If you are so devout of fundamentals, explain the rationality of companies like reuters, vodaphone, filtronic, are trading nicely with high p/e and wiht no earning forecast for the next ffew years???

And now of course you wanna jump on RAB at 30p is more like it. An your companies in OFEX are on track of giving a gradual EPS and ROE. What is their P/E? and their management???? you know those companies are iliquid and if the money u make is due to their volatility and the ramping from people like you... so dont start giving us that crap on fundamentals cos you dont practice it..

the price is gonna be at 1 pound by xmas enhanced by the fundamentals and momemtum.

you are dimissed!!!

ThirdEye - 13 Jun 2004 15:45 - 318 of 519

Erm we are talking about RAB not Vodaphone.


Erm no I don't want to jump into RAB at 30p, I have just told you your 1 is way off & detailed why.

As to defend myself on the Ofex company (As you bought the subject up & asked me questions)
KMS was a 100 bagger went from 16p to 20.50, I got 55 bags (as I said) as I bought as a new issue when introduced by Acorn & have the contract notes of sale still!

& here is the compound growth of Britannia Finance, profits followed by % growth, as for your point about illiquid they are set to have as many market makers in some stocks & no doubt will have more than even in a few selected AIM stocks, this is expected circa July 1st.


2000 67,631 % growth
2001 107,502 +59%
2002 179,063 +67%
2003 308,979 +73%
2004 750,000 E +143%



I make that compound growth of 85%. Profits expected to rise by 143% Hope that compares well with RAB's. Eps will outstrip RAB's 29% for sure......Results circa end of June if you wish to check.
Last years Eps is expected about 2.75p & this years eps is expected to be circa 5.5p, share price is 40p. Btw if they accounted the same way as their peers you could add at least 1m to profits & reduce the eps pro-rata....the reason they don't at this stage is to keep the tax charge low.
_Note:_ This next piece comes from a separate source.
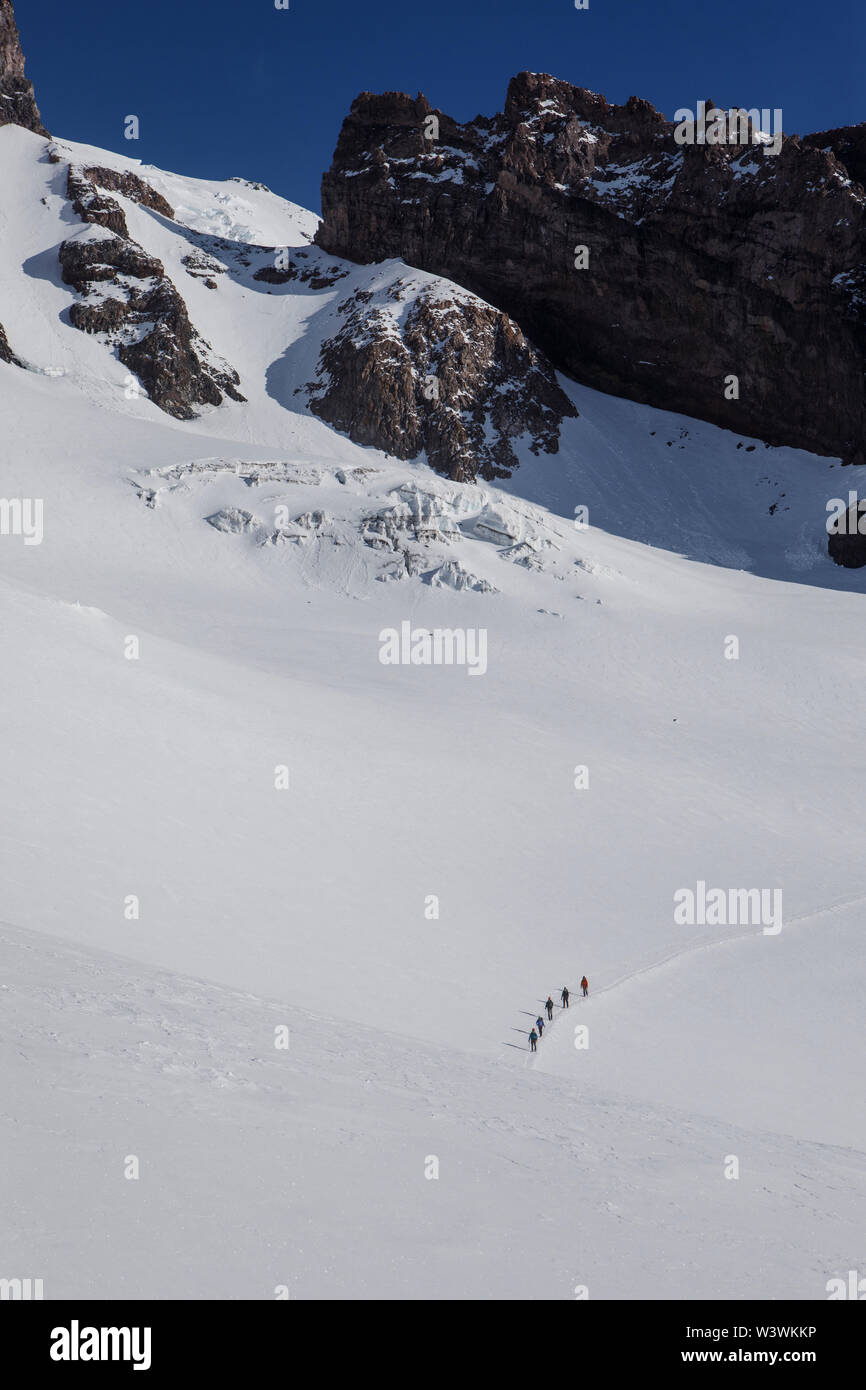 Climbing Rope Teams Descend A Trail Above Camp Muir on Mount Rainier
& if you think the company is too small that's how Telecom Plus was on Ofex but is now announcing 10m profit...maybe Ofex shouldn't be dismissed so lightly?

hawick - 13 Jun 2004 16:08 - 319 of 519

http://212.100.224.125/pages/story_display.php?story_id=2252 shows Britannia "requires imminent funding", possibly to survive. Expect it not long after results, yet more dilution, could be facing cashflow problems, one to avoid xmortal.

RAB now expanding intoo Japan, looks good.

ThirdEye - 13 Jun 2004 16:14 - 320 of 519

Sorry but again you guys have bought the subject up again not me so I will tell the truth.

Britiania has increasing shareholder funds (infact 2 institutions yes institutions on Ofex have just bought shares at 36p & I mean just as in weeks ago), a 10m facilty from a Blue chip bank, & rapidly increasing profits, a favourite of Michael Walters, Tom Winnifrith & Unquoted Analyst, so how can Britannia need imminent funding other than to expand quicker? It's nonsense from a pro 535x & anti-Ofex (in my opinion) website since new owners took control that looks to have a personal adgenda against Ofex as Hawick has against TE as proved by a private message published to & by Edelin on the Britannia ADVFN thread.